Celle qui raconte pourquoi les hommes ont le droit de pleurer. Une sirène est amoureuse d’un pirate : idéale idylle mais amour impossible. Elle ne sait comment le retenir, car lui n’aime rien d’autre qu’écumer les océans. Ne supportant plus cette situation, ayant perdu le sens de sa vie, la sirène demande à son père, Seigneur de la mer, de mettre fin à ses jours. Ce dernier comprend la douleur de sa fille et s’exécute à contrecœur, désintégrant son corps aussitôt transformé en eau qui, en un courant vif, pénètre violemment le corps du pirate pour ne devenir qu’un intarissable torrent de larmes. Je l’avais écrite pour mon copain qui habitait New York.
C’est très beau. Vous écrivez beaucoup de chansons ?
J’ai terminé Fur & Gold il y a longtemps et je n’ai pas beaucoup composer depuis. A vrai dire, je n’ai écrit qu’un seul morceau. Aujourd’hui, j’aimerais travailler avec des artistes plus visuels, vidéastes, cinéastes (disons Vincent Gallo, Scott Walker, Devendra Banhart) et réfléchir à un univers plus ambitieux, notamment pour la scène.
Nous étions censés dîner ensemble. Quel est votre plus fort souvenir culinaire ?

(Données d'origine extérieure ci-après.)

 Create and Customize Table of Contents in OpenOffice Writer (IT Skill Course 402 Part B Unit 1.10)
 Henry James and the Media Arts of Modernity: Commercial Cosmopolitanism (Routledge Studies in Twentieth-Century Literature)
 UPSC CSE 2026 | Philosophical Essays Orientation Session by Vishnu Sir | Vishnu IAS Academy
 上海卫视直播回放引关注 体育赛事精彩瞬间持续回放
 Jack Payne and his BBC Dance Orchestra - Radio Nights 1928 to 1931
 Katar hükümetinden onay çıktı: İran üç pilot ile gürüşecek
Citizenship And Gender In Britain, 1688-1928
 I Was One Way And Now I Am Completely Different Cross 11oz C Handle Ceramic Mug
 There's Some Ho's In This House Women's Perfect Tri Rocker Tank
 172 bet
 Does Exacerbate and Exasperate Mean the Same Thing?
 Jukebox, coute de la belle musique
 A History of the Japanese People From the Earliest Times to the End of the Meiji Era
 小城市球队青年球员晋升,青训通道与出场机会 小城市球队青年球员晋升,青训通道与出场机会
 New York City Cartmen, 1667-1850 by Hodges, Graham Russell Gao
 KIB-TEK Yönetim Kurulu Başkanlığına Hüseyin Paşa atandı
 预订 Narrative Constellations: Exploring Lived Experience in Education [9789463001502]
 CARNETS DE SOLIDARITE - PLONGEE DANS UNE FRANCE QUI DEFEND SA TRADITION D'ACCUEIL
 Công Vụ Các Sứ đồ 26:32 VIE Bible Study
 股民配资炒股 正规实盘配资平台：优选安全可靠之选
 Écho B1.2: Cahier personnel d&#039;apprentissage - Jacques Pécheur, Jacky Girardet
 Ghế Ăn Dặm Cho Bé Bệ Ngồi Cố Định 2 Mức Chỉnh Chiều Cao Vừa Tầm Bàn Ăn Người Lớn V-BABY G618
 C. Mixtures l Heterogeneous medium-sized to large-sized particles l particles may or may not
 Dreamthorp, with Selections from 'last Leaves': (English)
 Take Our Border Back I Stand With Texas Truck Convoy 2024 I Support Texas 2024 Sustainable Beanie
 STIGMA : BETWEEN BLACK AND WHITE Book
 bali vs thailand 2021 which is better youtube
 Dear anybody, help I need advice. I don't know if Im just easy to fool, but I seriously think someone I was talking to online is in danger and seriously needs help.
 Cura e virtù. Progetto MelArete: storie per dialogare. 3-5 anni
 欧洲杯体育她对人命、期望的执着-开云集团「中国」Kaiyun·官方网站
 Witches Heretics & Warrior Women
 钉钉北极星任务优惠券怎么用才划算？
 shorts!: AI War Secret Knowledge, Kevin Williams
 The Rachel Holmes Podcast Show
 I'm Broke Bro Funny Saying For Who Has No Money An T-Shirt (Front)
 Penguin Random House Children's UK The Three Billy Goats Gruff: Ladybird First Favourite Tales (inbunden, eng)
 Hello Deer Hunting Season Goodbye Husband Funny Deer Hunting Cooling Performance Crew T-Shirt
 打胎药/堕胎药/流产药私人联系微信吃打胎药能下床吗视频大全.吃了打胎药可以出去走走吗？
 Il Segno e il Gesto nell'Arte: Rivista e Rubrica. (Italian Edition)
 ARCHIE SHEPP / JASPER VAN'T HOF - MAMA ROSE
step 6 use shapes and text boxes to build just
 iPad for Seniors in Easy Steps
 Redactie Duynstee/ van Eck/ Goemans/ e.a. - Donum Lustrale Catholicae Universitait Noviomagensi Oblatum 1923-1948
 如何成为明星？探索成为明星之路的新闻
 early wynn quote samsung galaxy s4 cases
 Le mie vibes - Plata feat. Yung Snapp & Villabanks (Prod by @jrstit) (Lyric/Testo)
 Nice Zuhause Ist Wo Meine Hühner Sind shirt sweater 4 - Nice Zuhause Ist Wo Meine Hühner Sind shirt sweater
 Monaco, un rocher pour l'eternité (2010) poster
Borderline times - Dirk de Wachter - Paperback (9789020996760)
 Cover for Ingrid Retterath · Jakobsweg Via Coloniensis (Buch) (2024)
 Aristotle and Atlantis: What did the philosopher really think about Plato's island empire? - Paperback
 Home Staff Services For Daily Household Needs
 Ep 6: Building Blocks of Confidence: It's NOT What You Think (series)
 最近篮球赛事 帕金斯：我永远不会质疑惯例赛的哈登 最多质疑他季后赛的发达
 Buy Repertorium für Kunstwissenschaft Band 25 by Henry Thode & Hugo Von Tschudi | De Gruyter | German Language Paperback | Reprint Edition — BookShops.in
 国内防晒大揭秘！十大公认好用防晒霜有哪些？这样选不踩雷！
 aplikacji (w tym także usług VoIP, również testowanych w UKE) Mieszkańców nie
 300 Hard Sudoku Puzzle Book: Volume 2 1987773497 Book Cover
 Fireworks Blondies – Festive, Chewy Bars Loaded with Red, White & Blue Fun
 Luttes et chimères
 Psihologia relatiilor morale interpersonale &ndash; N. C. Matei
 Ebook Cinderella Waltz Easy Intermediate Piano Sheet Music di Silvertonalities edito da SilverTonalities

Lorsque je vivais au Pakistan, ma famille m’a offert une chèvre. Je devais m’en occuper et la nourrir chaque jour. Elle était adorable et je jouais avec elle tout le temps. Un jour, lors d’une fête religieuse, ma chèvre a été suspendue par une corde et éviscérée. J’ai trouvé ce spectacle particulièrement intéressant mais je n’ai pas tellement aimé le goût plutôt fort de sa viande en curry.
Par Jean Soibon
Chauves-souris
C’est en rêve qu’un cheval est apparu à Natasha Khan, à la fenêtre de sa chambre, lui annonçant son destin musical. Prémonition de la croisade d’une Jeanne d’Arc à la pop hantée, dont la première étape, Fur & Gold, disque minéral et généreux, dévoile un recueil de chansons évidentes, belles et patinées. Tantôt piano/voix lacrymal, tantôt ballades pour gynécée, souvent sombre et parfois martial, l’album est produit par David Faultline Kosten (du très beau label Leaf) et invite Josh T. Pearson (ex-Lift To Experience). L’apparence appliquée des concerts et des vidéos teens-mystiques de Bat For Lashes vibrent d’une honnêteté touchante, soutenus par un décorum sur-mesure (plumes de paons, bijoux métalliques, dessins, collages, tatouages de chauves-souris, colliers shamaniques), ils offrent l’épaisseur nécessaire à un projet sonnant juste. J. S.Fur & Gold (Parlophone/EMI).